После этого сопоставления нет нужды прибегать еще к анализу стиля описания самого восхождения на Крестовую гору у Лермонтова. Тут противопоставление пушкинскому изображению еще ощутительнее.

Связь лермонтовского стиля путевых записок со стилем пушкинского «Путешествия в Арзрум» этим не исчерпывается. Так же как и Пушкин в «Путешествии в Арзрум», Лермонтов в повествовательном стиле «Бэлы» толкует названия, разрушая ложно-романтическую этимологию их, и дает точные исторические справки.

Напр., у Лермонтова: «...название Чертовой-Долины происходит от слова „черта“, а не „чорт“, ибо здесь когда-то была граница Грузии».

Ср. у Пушкина в «Путешествии в Арзрум»: «Против Дариала на крутой скале видны развалины крепости. Предание гласит, что в ней скрывалась какая-то царица Дария, давшая имя свое ущелию: сказка. Дариал на древнем персидском языке значит ворота».

Но лермонтовский повествовательный стиль сложнее пушкинского. Он тяготеет к сказовому многообразию интонаций. Он не только лиричнее, но и разговорнее, чем пушкинский. В нем больше «болтовни» и больше описаний, больше авторских признаний.

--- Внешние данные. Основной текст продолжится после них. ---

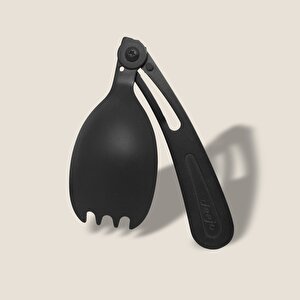 Spork Deejo 39g, Kaşık Ve Çatal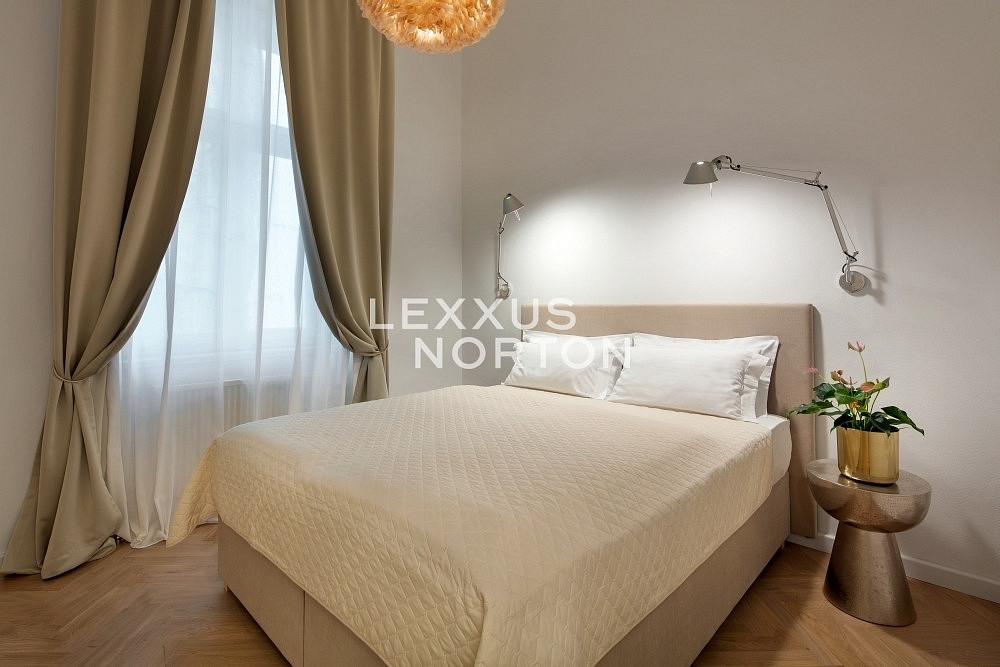 Pronájem bytu 2+kk 50 m² — photo 3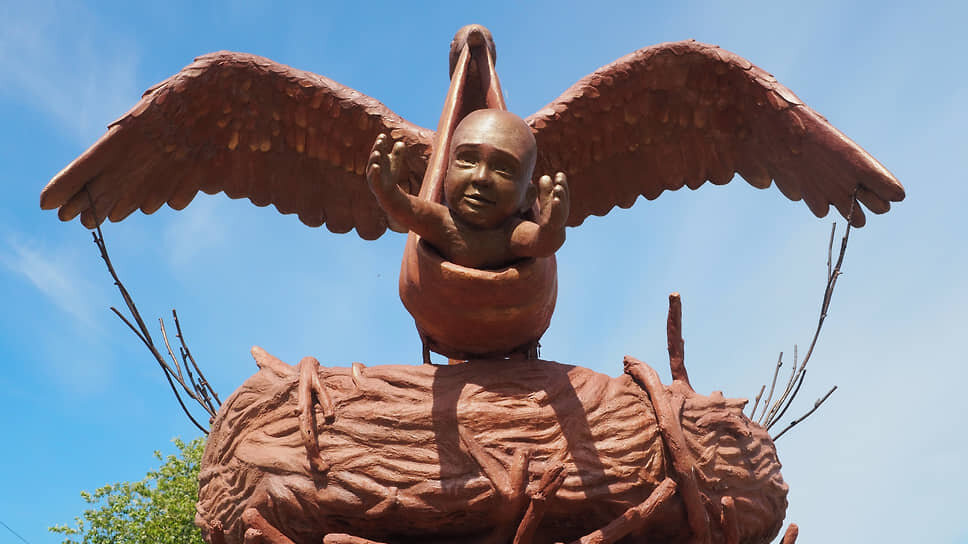 Фото: Александр Чиженок / Коммерсантъ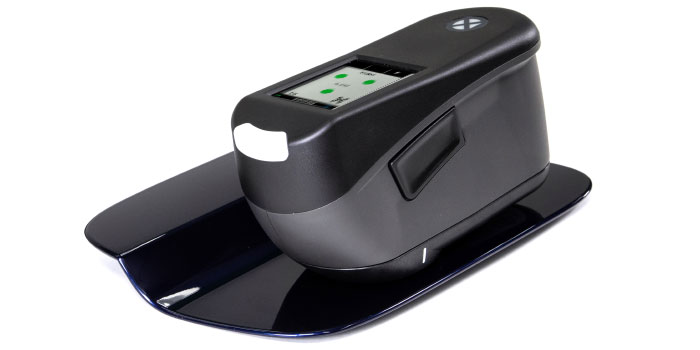 MA-5 QC Multi-Angle Spectrophotometer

Достаточно привести одну параллель из Лермонтова и Пушкина, — это описание ожидания «оказии». Пушкин пишет с подчеркнутой деловитостью и предельным лаконизмом:

«С Екатеринограда начинается военная Грузинская дорога; почтовый тракт прекращается. Нанимают лошадей до Владикавказа. Дается конвой казачий и пехотный и одна пушка. Почта отправляется два раза в неделю, и проезжие к ней присоединяются: это называется оказией. Мы дожидались недолго. Почта пришла на другой день, и на третье утро в 9 часов мы были готовы отправиться в путь».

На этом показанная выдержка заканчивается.